Linda Coutts, the district's elementary math coordinator, told math curriculum committee members that the decision came from Interim Superintendent Jim Ritter. He met with Coutts and secondary math coordinator Chip Sharp on Sept. 9 and said he was concerned that the district's math issues had divided the community.
Discussion about the district's math programs has been ongoing for months, if not years. Some parents feel strongly that the district's nontraditional approach leaves students unprepared for standardized tests or college.
During the meeting, the curriculum committee made changes to the math curriculum standards document, which has been revised several times. The revised standards document will be presented to the Columbia School Board for approval at its meeting Oct. 13. If approved, the curriculum would be implemented no earlier than next fall.
Curriculum committee members could decide if they wanted to stay on the committee, but Coutts urged them not to decide immediately. She said she understands the committee members could experience a range of emotions.
Sally Beth Lyon, assistant superintendent for curriculum and instruction, said the decision didn't mean the committee had failed.
"This isn't an ending, this isn't a retreat, this is a change in direction," Lyon said. "The decision to move in a more traditional direction is in no way a devaluation of your perspectives, knowledge and experience."
She didn't want committee members to feel like the change was winning or losing.
"It's the right thing for the kids and for the community to figure out how to find a way that is more clear," she said.
The elementary and secondary math curriculum committees drafted the standards, which set objectives for grade levels. Revisions were made with feedback from the 36-person Mathematics Community Advisory Committee, comprised of business leaders, teachers, administrators, university professors, parents and one student.
The selection process that formed these committees has been a source of controversy. Board members Tom Rose and Ines Segert have questioned the way the district's various committees are formed.
Segert said she thinks the committees should be made up of members with different viewpoints. She hoped new members would be added to the curriculum committee, but acknowledged there isn't time.

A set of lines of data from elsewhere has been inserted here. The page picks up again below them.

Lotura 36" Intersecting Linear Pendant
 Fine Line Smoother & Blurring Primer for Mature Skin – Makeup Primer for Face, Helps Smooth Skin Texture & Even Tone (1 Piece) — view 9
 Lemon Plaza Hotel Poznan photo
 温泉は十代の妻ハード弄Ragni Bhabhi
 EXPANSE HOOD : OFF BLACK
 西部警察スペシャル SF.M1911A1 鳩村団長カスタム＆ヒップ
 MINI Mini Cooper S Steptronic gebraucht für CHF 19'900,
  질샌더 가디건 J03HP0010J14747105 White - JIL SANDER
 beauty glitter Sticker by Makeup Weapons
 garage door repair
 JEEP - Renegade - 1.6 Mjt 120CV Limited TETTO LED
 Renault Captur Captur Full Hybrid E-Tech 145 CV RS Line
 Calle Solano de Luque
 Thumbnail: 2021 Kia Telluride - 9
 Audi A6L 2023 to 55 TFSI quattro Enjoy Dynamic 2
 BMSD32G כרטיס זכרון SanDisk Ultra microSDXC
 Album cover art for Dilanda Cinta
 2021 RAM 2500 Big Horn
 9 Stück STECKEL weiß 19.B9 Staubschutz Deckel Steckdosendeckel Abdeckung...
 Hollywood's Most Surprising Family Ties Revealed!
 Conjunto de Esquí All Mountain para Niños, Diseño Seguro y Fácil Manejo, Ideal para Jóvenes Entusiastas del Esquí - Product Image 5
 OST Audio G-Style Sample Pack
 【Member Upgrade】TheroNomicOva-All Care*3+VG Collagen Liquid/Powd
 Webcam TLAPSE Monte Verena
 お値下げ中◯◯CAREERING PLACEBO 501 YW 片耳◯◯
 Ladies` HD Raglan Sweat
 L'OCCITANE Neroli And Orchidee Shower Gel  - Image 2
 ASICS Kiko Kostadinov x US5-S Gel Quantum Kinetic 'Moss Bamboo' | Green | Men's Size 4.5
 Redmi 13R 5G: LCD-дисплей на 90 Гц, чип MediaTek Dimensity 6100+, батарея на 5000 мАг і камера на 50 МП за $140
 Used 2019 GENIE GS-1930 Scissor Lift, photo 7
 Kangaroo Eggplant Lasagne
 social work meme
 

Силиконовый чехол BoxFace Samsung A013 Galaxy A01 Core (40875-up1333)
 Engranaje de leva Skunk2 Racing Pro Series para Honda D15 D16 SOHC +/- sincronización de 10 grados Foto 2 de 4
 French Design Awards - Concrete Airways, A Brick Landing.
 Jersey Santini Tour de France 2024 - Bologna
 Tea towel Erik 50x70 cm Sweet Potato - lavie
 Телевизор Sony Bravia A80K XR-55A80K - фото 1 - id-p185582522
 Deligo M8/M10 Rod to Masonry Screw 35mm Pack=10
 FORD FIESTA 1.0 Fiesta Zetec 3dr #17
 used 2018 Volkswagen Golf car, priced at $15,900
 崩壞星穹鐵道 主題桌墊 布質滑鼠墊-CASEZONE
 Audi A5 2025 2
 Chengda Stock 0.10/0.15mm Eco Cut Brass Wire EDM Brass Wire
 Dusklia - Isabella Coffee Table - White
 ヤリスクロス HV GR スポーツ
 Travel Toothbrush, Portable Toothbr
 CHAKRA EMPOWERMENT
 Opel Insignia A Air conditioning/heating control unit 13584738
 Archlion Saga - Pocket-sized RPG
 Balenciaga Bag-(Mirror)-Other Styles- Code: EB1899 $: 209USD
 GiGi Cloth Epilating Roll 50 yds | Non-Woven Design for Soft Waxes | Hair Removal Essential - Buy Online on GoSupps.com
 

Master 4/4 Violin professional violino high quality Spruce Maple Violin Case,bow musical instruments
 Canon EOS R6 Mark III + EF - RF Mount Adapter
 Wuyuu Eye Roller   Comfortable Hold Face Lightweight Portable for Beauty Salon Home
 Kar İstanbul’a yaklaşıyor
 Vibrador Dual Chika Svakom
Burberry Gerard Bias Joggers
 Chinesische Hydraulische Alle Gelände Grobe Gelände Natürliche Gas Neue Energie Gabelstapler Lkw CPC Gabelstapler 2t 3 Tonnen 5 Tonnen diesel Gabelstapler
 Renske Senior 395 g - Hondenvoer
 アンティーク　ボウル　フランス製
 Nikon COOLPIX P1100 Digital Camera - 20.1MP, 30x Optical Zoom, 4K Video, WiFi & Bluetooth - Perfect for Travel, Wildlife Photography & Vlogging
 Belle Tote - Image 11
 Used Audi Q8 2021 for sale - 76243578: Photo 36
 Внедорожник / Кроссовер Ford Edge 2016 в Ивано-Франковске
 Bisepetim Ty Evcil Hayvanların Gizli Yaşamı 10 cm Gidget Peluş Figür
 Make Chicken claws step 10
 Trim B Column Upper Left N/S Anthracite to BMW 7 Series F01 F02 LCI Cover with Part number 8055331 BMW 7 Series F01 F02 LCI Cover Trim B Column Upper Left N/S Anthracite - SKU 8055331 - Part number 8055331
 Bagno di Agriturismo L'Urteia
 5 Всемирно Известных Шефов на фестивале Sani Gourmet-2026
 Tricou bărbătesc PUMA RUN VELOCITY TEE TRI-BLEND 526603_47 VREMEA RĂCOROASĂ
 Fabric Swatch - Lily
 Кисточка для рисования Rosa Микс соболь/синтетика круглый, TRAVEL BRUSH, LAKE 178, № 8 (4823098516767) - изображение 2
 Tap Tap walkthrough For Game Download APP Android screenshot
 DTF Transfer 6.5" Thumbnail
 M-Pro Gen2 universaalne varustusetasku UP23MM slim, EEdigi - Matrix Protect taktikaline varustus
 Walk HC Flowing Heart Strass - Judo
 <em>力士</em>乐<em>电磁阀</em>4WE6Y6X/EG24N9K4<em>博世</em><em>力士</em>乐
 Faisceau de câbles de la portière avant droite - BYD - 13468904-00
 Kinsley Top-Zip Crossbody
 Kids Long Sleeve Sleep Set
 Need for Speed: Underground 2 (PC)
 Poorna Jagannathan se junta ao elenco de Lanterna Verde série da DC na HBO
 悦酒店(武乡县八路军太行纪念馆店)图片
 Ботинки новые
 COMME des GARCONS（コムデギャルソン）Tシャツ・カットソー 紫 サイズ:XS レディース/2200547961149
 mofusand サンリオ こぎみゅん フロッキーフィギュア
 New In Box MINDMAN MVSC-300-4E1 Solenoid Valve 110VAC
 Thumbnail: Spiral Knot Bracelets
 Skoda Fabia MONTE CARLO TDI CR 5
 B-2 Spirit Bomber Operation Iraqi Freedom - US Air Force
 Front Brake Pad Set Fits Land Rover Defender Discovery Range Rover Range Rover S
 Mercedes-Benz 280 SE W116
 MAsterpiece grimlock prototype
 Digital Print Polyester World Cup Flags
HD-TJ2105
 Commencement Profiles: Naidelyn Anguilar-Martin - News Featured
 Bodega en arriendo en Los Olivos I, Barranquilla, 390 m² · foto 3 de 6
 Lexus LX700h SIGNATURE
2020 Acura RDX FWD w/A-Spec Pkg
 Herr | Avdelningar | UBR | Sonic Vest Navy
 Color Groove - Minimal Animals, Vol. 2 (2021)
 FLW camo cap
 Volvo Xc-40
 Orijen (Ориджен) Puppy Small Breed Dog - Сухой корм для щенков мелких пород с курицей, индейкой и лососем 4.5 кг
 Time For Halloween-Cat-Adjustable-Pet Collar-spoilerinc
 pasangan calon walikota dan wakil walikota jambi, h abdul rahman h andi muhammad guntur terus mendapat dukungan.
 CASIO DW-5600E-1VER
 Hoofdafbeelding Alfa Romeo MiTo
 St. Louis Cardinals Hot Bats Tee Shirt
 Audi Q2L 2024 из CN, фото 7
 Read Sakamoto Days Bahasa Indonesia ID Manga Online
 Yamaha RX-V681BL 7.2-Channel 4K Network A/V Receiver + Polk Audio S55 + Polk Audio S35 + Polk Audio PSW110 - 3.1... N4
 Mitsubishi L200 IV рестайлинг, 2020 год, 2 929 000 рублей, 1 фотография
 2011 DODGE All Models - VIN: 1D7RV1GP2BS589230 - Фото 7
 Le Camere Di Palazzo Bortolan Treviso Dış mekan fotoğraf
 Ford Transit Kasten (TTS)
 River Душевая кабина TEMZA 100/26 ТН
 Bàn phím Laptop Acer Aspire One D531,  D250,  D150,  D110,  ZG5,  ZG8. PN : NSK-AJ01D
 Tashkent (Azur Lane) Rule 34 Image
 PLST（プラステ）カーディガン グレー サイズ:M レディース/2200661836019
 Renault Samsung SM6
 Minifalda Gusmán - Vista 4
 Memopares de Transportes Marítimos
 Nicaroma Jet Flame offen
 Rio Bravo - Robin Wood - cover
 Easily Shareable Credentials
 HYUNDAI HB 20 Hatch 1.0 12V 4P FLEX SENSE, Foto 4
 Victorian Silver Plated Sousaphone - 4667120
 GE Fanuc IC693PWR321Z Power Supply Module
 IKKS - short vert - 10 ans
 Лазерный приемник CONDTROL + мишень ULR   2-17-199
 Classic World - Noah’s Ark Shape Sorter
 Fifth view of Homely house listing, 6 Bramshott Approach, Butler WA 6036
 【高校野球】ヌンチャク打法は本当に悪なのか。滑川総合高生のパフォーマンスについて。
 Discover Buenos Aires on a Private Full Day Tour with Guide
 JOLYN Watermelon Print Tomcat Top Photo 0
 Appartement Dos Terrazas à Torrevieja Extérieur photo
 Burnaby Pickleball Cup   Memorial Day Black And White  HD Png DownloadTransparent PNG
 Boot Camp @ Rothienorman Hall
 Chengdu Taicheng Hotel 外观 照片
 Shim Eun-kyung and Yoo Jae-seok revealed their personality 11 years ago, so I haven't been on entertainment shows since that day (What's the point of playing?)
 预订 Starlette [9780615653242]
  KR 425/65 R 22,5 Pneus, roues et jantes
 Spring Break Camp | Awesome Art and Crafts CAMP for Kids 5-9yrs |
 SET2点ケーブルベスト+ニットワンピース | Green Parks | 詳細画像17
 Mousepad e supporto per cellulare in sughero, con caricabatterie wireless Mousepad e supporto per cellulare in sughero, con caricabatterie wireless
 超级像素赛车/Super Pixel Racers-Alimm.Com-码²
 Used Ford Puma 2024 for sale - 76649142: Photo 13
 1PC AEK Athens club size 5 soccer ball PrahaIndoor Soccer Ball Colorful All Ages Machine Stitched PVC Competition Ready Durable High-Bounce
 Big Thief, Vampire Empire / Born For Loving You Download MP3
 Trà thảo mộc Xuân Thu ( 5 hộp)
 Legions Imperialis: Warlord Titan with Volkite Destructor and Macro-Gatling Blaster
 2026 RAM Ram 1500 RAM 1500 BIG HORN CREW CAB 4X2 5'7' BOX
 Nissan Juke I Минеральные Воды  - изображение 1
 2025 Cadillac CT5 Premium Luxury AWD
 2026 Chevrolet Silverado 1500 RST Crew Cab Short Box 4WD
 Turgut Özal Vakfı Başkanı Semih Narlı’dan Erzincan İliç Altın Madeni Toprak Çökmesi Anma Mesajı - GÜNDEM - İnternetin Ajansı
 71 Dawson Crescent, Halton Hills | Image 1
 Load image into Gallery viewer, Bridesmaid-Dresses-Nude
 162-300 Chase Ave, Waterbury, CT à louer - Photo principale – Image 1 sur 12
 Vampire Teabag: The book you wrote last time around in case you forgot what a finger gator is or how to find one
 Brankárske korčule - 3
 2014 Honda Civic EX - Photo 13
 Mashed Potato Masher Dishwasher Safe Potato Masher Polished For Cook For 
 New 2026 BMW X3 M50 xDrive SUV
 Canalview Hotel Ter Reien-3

Rose said he wants to see the board assist in the process of committee member selection in the future, or at least be more aware of the people selected to serve on committees. He noted that many committees are comprised mostly of district employees.
"I'd like to make them a little broader in scope," he said.
Because board members have varying levels of involvement in the community, he said board members might have the ability to recommend people outside the district for committee service.
To form the math curriculum committee, Coutts and Sharp sent requests to school principals, asking teachers to volunteer. A call went to MU's education department, as well as Columbia and Stephens colleges for representatives. There is also a general form for community members to submit on the public schools's Web site to volunteer for committee service.
Even so, the members of the committees don't represent all of Columbia.
Dale Mitchell, a West Boulevard Elementary School teacher, said it's important to involve parents in the committee's process, including material selection, because parents are the ones working with their students at home.
She also said the committee needs diversity. She pointed out that she was the only African-American in the room and said the committee is largely comprised of upper-middle class members, which doesn't reflect the entire community.
"We need a good cross-section of our community, with not so much divisiveness," Mitchell said.